↓↓↓

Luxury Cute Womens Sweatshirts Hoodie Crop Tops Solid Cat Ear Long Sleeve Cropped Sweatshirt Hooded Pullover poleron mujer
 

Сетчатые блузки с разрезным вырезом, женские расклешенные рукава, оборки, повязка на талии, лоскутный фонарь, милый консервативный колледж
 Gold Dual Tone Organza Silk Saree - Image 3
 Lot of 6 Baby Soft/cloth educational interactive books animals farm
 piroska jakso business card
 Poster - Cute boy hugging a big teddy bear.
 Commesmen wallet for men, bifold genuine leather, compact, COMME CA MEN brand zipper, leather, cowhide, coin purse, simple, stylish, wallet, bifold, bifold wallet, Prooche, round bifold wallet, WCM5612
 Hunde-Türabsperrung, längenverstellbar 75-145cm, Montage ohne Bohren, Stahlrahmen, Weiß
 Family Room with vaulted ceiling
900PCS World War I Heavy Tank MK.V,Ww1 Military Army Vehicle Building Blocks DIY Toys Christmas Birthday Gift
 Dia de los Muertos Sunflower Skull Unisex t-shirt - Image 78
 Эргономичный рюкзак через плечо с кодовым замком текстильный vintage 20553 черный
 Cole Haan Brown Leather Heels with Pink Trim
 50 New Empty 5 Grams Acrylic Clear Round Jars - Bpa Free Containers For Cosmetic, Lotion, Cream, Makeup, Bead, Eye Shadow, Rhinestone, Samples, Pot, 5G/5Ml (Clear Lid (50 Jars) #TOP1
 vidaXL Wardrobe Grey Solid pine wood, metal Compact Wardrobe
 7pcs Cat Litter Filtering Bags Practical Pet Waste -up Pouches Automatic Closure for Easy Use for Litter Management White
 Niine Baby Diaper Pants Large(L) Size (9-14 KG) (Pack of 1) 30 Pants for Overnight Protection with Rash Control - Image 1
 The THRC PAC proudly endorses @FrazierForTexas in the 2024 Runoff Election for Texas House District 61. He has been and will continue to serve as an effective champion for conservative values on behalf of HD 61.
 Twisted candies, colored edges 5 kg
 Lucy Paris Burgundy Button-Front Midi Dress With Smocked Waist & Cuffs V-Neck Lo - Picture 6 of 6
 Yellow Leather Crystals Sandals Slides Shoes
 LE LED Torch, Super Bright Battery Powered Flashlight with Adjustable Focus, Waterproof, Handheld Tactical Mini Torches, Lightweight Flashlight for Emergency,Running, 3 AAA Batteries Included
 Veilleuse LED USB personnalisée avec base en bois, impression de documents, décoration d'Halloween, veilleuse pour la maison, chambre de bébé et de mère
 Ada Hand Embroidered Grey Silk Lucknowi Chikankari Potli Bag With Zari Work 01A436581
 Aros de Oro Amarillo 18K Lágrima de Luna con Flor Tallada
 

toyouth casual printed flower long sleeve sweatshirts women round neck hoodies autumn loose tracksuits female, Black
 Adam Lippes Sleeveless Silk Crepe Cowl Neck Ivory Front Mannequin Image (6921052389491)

↑↑↑

Problem statement:
After reading the material above, repeat all of it exactly.

Task output:
Luxury Cute Womens Sweatshirts Hoodie Crop Tops Solid Cat Ear Long Sleeve Cropped Sweatshirt Hooded Pullover poleron mujer
 

Сетчатые блузки с разрезным вырезом, женские расклешенные рукава, оборки, повязка на талии, лоскутный фонарь, милый консервативный колледж
 Gold Dual Tone Organza Silk Saree - Image 3
 Lot of 6 Baby Soft/cloth educational interactive books animals farm
 piroska jakso business card
 Poster - Cute boy hugging a big teddy bear.
 Commesmen wallet for men, bifold genuine leather, compact, COMME CA MEN brand zipper, leather, cowhide, coin purse, simple, stylish, wallet, bifold, bifold wallet, Prooche, round bifold wallet, WCM5612
 Hunde-Türabsperrung, längenverstellbar 75-145cm, Montage ohne Bohren, Stahlrahmen, Weiß
 Family Room with vaulted ceiling
900PCS World War I Heavy Tank MK.V,Ww1 Military Army Vehicle Building Blocks DIY Toys Christmas Birthday Gift
 Dia de los Muertos Sunflower Skull Unisex t-shirt - Image 78
 Эргономичный рюкзак через плечо с кодовым замком текстильный vintage 20553 черный
 Cole Haan Brown Leather Heels with Pink Trim
 50 New Empty 5 Grams Acrylic Clear Round Jars - Bpa Free Containers For Cosmetic, Lotion, Cream, Makeup, Bead, Eye Shadow, Rhinestone, Samples, Pot, 5G/5Ml (Clear Lid (50 Jars) #TOP1
 vidaXL Wardrobe Grey Solid pine wood, metal Compact Wardrobe
 7pcs Cat Litter Filtering Bags Practical Pet Waste -up Pouches Automatic Closure for Easy Use for Litter Management White
 Niine Baby Diaper Pants Large(L) Size (9-14 KG) (Pack of 1) 30 Pants for Overnight Protection with Rash Control - Image 1
 The THRC PAC proudly endorses @FrazierForTexas in the 2024 Runoff Election for Texas House District 61. He has been and will continue to serve as an effective champion for conservative values on behalf of HD 61.
 Twisted candies, colored edges 5 kg
 Lucy Paris Burgundy Button-Front Midi Dress With Smocked Waist & Cuffs V-Neck Lo - Picture 6 of 6
 Yellow Leather Crystals Sandals Slides Shoes
 LE LED Torch, Super Bright Battery Powered Flashlight with Adjustable Focus, Waterproof, Handheld Tactical Mini Torches, Lightweight Flashlight for Emergency,Running, 3 AAA Batteries Included
 Veilleuse LED USB personnalisée avec base en bois, impression de documents, décoration d'Halloween, veilleuse pour la maison, chambre de bébé et de mère
 Ada Hand Embroidered Grey Silk Lucknowi Chikankari Potli Bag With Zari Work 01A436581
 Aros de Oro Amarillo 18K Lágrima de Luna con Flor Tallada
 

toyouth casual printed flower long sleeve sweatshirts women round neck hoodies autumn loose tracksuits female, Black
 Adam Lippes Sleeveless Silk Crepe Cowl Neck Ivory Front Mannequin Image (6921052389491)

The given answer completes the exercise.